Abstract
The emerge of artificial intelligence (AI) in past years had gained great attentions in academic research and successful applications in industries. Deep reinforcement learning (DRL), as an ultimate approach of AI, in which an AI agent senses the environment, makes decisions from its trained policies, and perform actions to the environment, and iterates its policies through the process, has been proven to be one of the most potential solutions to many problems comparing to traditional ones that requires precise modelling, complex parameter identifications methods, not generalizable to complex situations, etc.

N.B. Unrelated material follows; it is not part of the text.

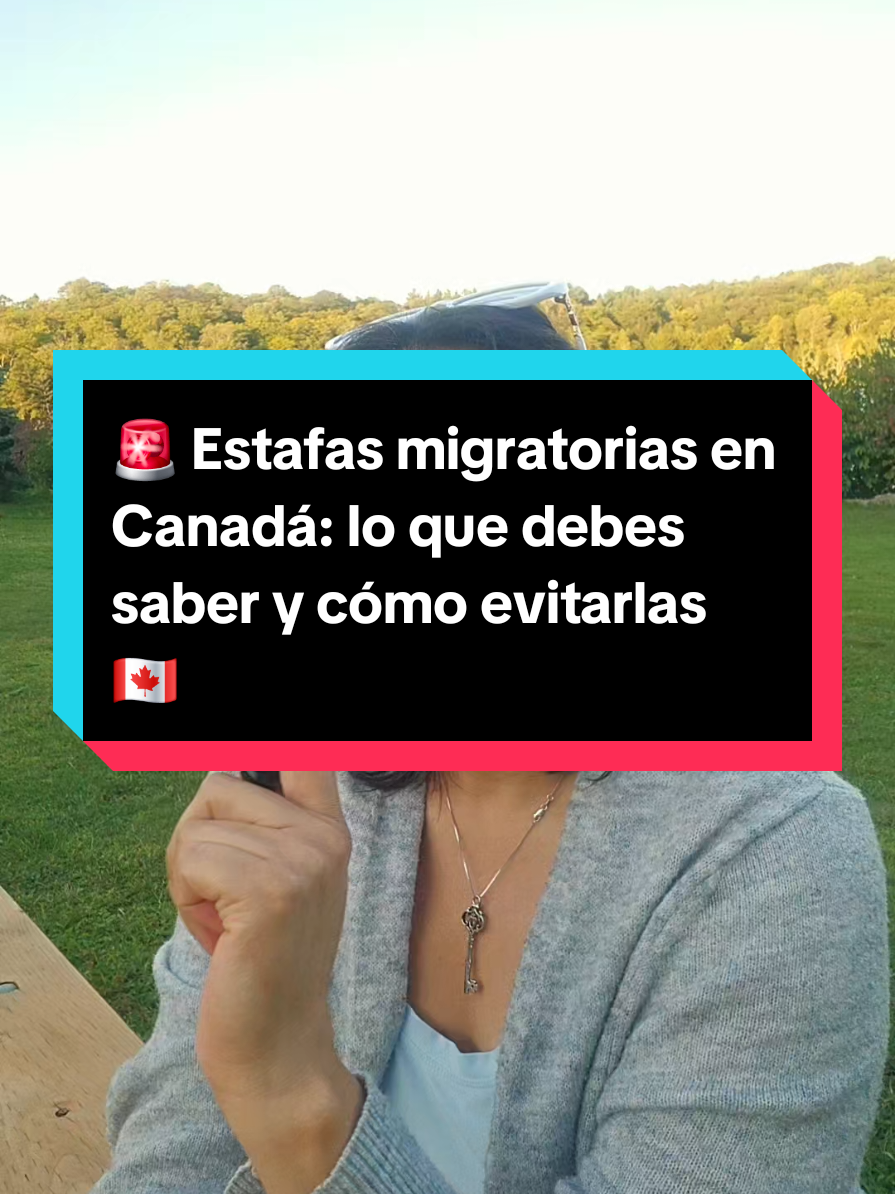 Cada día hay personas que pierden dinero y hasta su futuro por caer en estafas migratorias 💸🚨. 👉 Promesas de trabajo sin permisos. 👉 Agencias que te dicen que con visa de turista ‘arreglas todo aquí’. 👉 Escuelas fantasma que no existen. En este video te cuento las estafas más comunes y cómo evitarlas ✨. Porque emigrar a Canadá no es un juego, es tu futuro. 🌎🍁 #adarargüello #creatorsearchinsights #CanadaImmigration #InmigracionCanada #EstafasMigratorias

Surface unmanned vessels (SUV) is one of the areas that is considered to can be most beneficial to the application of such technologies, since the complex water surface traffic can bring about great loss to ignorant operations by humans, and where the limit of traditional PID or MPC methods are witnessed. In this thesis, DRL-based collision avoidance methods are studied for autonomous navigation of surface vessels, and an alternative new algorithm and method was developed and brought to validation. Present DRL-based methods are still limited to academic research, not ready for industrial applications, this is what this paper focused on. The reason for this is that firstly due to their lack of explainability, the end users cannot easily visualize the decision process, confirm their liability and make use of them. Secondly, the method itself can’t be hard coded with rules that can strictly avoid collision, which means that it might provide decision that will cause collision without warnings at the beginning.

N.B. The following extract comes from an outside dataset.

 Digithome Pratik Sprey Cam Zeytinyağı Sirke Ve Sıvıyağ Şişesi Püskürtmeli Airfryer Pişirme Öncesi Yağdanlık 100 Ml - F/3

In this thesis, to approach the interpretability/explainability aspect of artificial intelligence decisions for end users, a method that outputs selected number of waypoints for the own ship to make collision avoidance was proposed. Specifically, two-waypoints of collision avoidance navigation was focused. Theoretical foundations include Policy-Based Reinforcement Learning, Policy Proximal Optimization, and explainable Artificial Intelligence in DRL. To guide the exploration of DRL agent, a ‘rule-based’ DRL concept was also presented, where some rules to limit the action space, fixing waypoints that is not being tracked, static planning are introduced. This will save the agent from exploring unwanted space and focus on required tasks. The proposed method also investigated two kinds of input: grid maps providing information of real time position and movements of ships with ENC, vectors including related information of scenario. The latter method is more straight forward but it might fall short in providing some features that could be extracted by the DRL agent as kind of aggregated/implicit features. The paper details implementation steps, from simulation environment setup to visualization. Preliminary results indicate successful algorithm validation, with the trained agent optimizing rewards through policy updates. With the designed framework, the agent learned to turn away from obstacle ships within a short time by maximizing the rewards and following the introduced rules, and the navigation turns out to be smooth and interpretable to human.